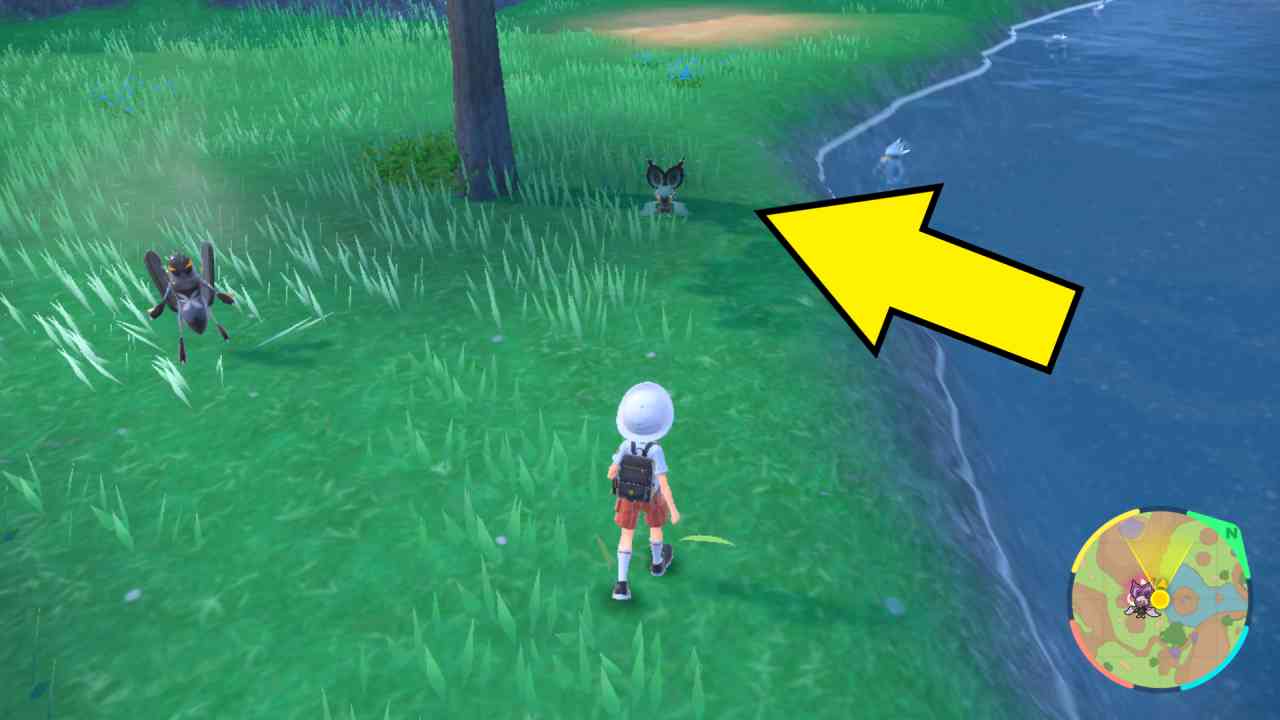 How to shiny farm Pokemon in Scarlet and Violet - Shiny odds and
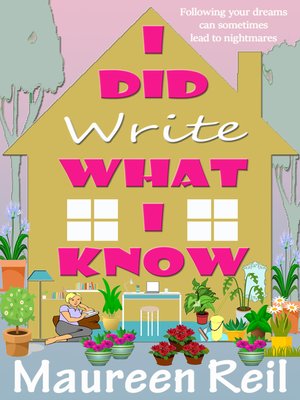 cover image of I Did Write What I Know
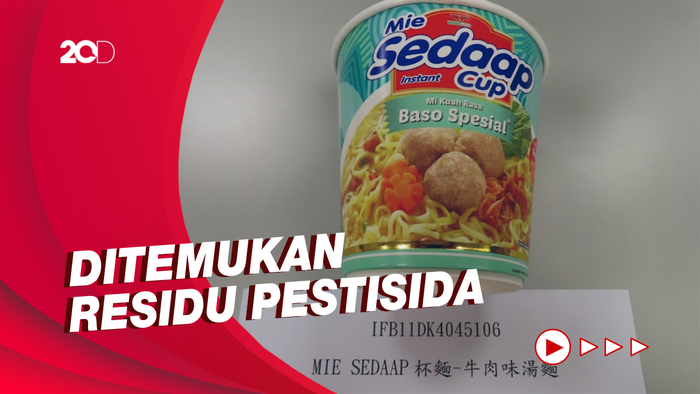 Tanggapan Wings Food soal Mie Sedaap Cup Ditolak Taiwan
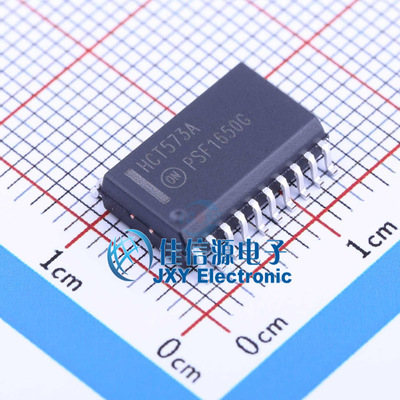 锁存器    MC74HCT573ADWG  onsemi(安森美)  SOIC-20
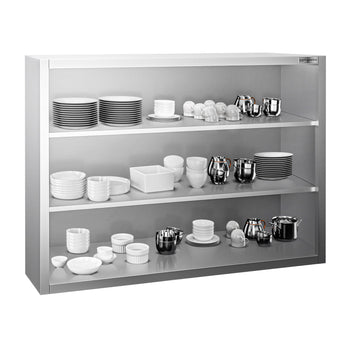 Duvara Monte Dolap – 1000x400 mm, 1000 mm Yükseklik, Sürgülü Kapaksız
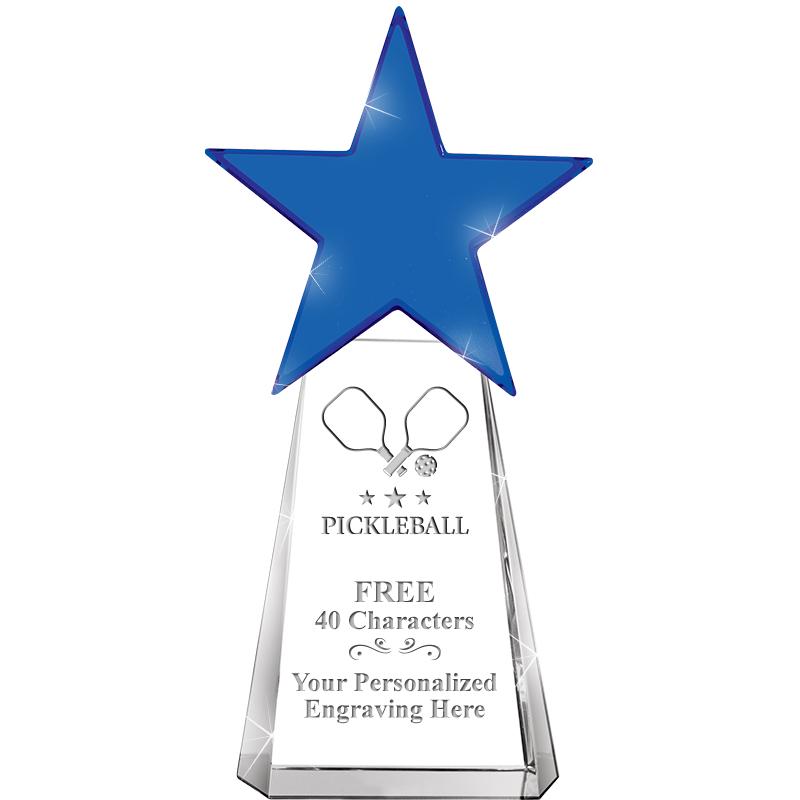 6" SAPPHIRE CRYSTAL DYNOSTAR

(Requirement): Retype everything in the entries above exactly. The pictures are to be omitted.

(Written answer):
 How to shiny farm Pokemon in Scarlet and Violet - Shiny odds and
 cover image of I Did Write What I Know
 Tanggapan Wings Food soal Mie Sedaap Cup Ditolak Taiwan
 锁存器    MC74HCT573ADWG  onsemi(安森美)  SOIC-20
 Duvara Monte Dolap – 1000x400 mm, 1000 mm Yükseklik, Sürgülü Kapaksız
 6" SAPPHIRE CRYSTAL DYNOSTAR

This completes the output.